About 50 years before Youngman uttered those famous words, a humorous photograpic broadside made a similiar joke, "Hang Your Wife!"
I have had a difficult time pinpointing the exact date of this broadside, but based on content, I'd estimate 1875-1880.
July 29, 2012
In 1881*, William Hall Walker manufactured and sold a small wooden camera for the amateur market called, Walker's Pocket Camera. It's a historically important camera because it was built with interchangeable parts and was one of the first amateur camera outfits sold at a very low price. Lowering the cost of camera manufacturing was a key step in which George Eastman would soon exploit and take full advantage of. Eastman's primary goal was to offer, simple, inexpensive cameras to the masses in order to sell them highly profitable roll film. To that end, Walker joined Eastman in 1884 and would go on to have a long, albeit tumultuous, career with Eastman.

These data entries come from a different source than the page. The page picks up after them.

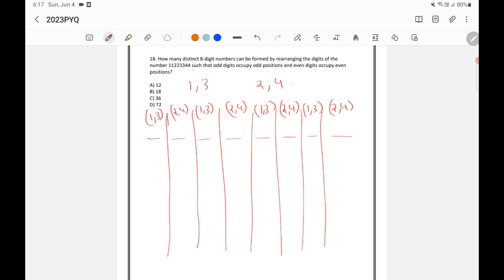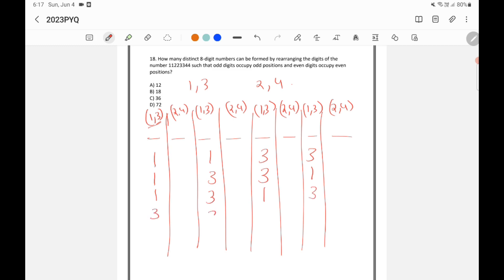Now let's see how we can arrange 1 and 3 in the four odd positions. For example: 1,1,3,3 is one possibility; 1,3,3,1 is another; 1,3,1,3 is different; 3,3,1,1 is another; 3,1,1,3 is yet another; and 3,1,3,1 is also different. So in this way, there are 6 ways to arrange 1 and 3.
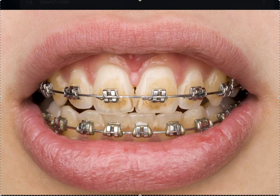Hey, this is Dr. Amanda with Straight Smile Solutions, and today we're going to talk about transfer cases, specifically for braces, but we can also talk about Invisalign.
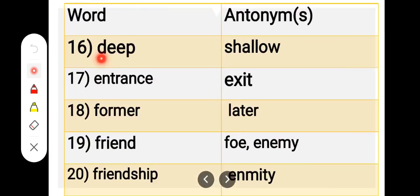Number 16. D-E-E-P, deep. S-H-A-L-L-O-W, shallow. Deep, shallow.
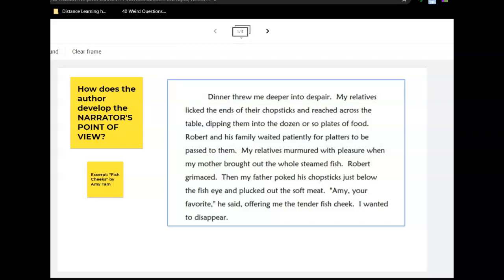In this lesson, we are going to be answering the question: how does the author develop the narrator's point of view? We'll be using an excerpt from Fish Cheeks, which you already read. Pause this video and read the paragraph again.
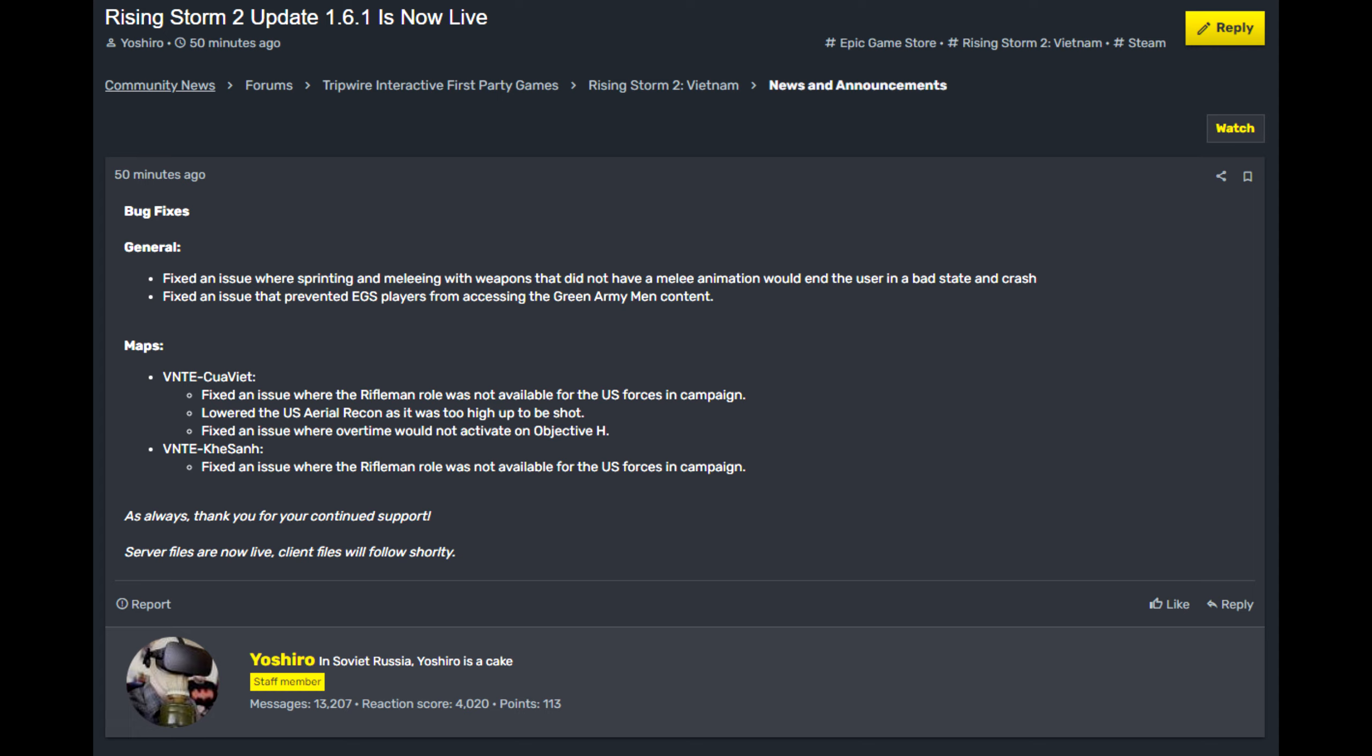They have also lowered the US recon plane to make it easier to shoot down. I didn't know that was an issue, but there we go. So that's good. Then they have also fixed overtime on Objective H. Good thing it's fixed.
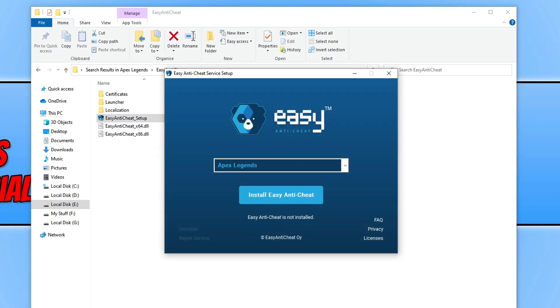You will now see a window that looks like this, and straight away, as you can see, it's detected Apex Legends and it says Easy Anti-Cheat is not installed.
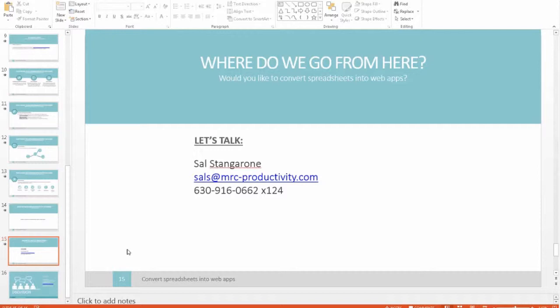Any other questions? Well, thank you. We appreciate everybody's time today. You are welcome to contact us after the fact.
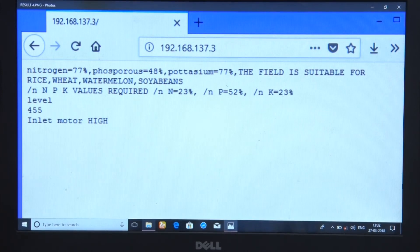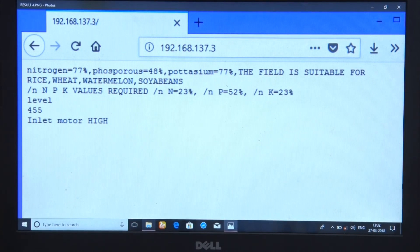If we detect the water level, we can control the inlet motor. Our farmer, our remote station, our director can monitor and control the system, and the data is under control. Thank you.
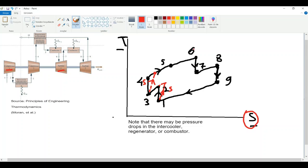For the process six to seven we will have entropy generation, and the same applies to the other turbine process. This point is nine and this point is nine-subscript-s. This one is seven and this is seven-s. We use the subscript s to show that these points are located at the ideal isentropic positions, while the other points represent the actual process in the compressors and turbines.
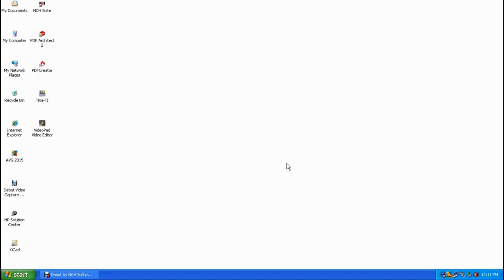Hello, I'm Bobby Galuba with ubatech.com and welcome to my fourth video recorded on Thursday April 2nd 2015. In this video I'm going to show you how to add a button to your quick launch toolbar in Windows XP.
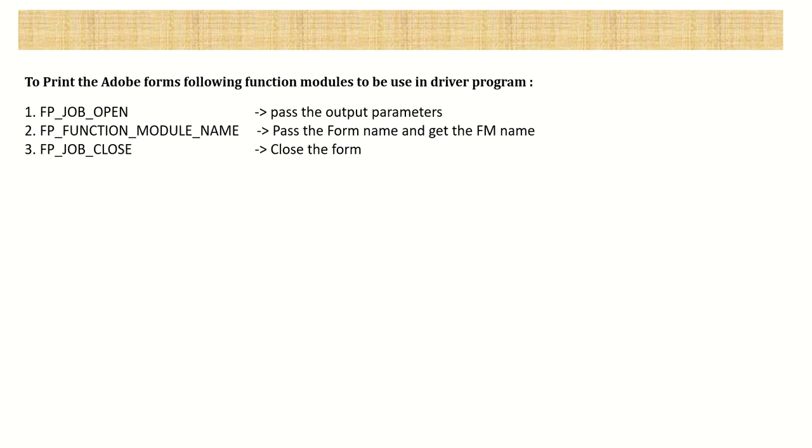Hi, so the next topic in our Adobe form learning series is creating the driver program.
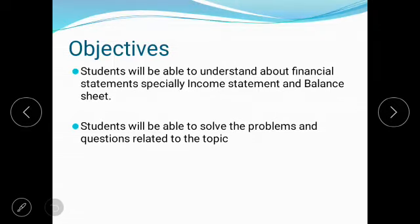At the end of this lecture, a student will be able to understand about financial statements, especially income statement and balance sheet. A student will also be able to solve problems from past papers. There are basically four types of financial statements: income statement, balance sheet, statement of cash flows, and statement of owner's equity. Our first year accounting focuses on sole proprietorship, so we will be discussing income statement and balance sheet throughout this lecture.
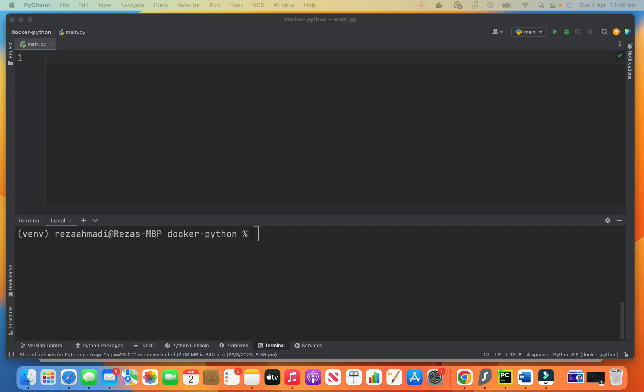Welcome to the Code with Reza channel. My name is Reza and I'm here to teach you Python. Today I want to show you how to write a GraphQL query endpoint using graphene and Flask.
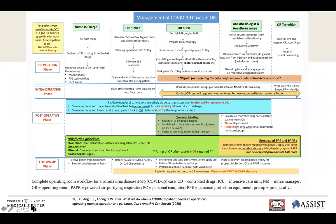A diagram recently published in the Canadian Journal of Anesthesia covers the preparatory, intraoperative, and postoperative phases with a huge emphasis on numbers — it's all related to workflow. In many countries, there isn't this number of personnel or the infrastructure needed to do this. Use it as a template, but not necessarily what you would implement in your own country. You'll need to develop a template appropriate for your specific ecosystem.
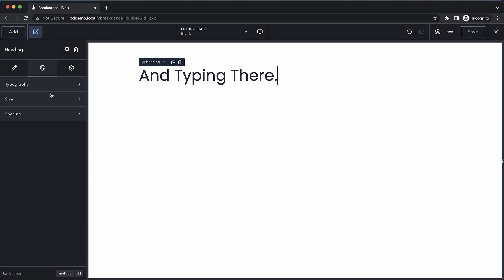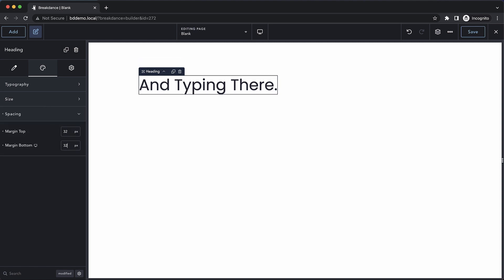Moving over to the size section, we can set the width of our heading element. And finally, under the spacing section, we can set the space above and below our heading.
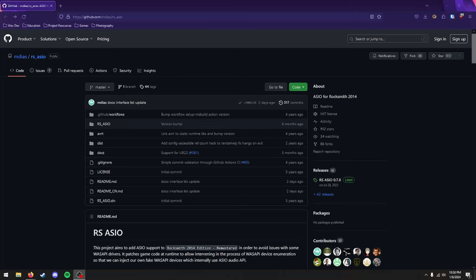Hello! I'll be showing you how to use your audio interface with Rocksmith 2014 Edition Remastered. So the first thing we're going to want to do is go to this page right here. I'll have a link in the description.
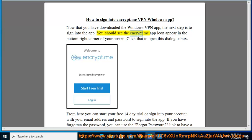You should see the Encrypt.me app icon appear in the bottom right corner of your screen. Click that to open this dialog box.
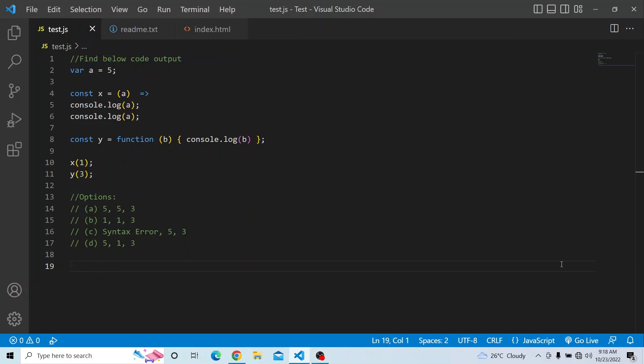Hi everyone. Welcome to JavaScript Coding Challenge. In today's video, you have to find the below code output and you have four options to select from.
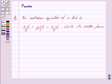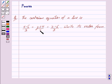Hi friends, I am Purva and today we will work out the following question. The Cartesian equation of a line is x minus 5 upon 3 is equal to y plus 4 upon 7 is equal to z minus 6 upon 2. Write its vector form.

In fact, Walker became fabulously wealthy as one of Kodak's largest shareholders when he passed away in 1917.
It appears that Walker's camera was brought to market in the Spring of 1882 (despite Eastman House stating 1881) and by 1883, Walker sold his business to what would become the Rochester Optical Company. Given the limited time this camera was on the market and the fact that only a handful of these cameras are known to exist in collections (I know of 4), sales must have relatively small. At least two versions are known, one which features a cherry wood finish and the other a black or ebony finish.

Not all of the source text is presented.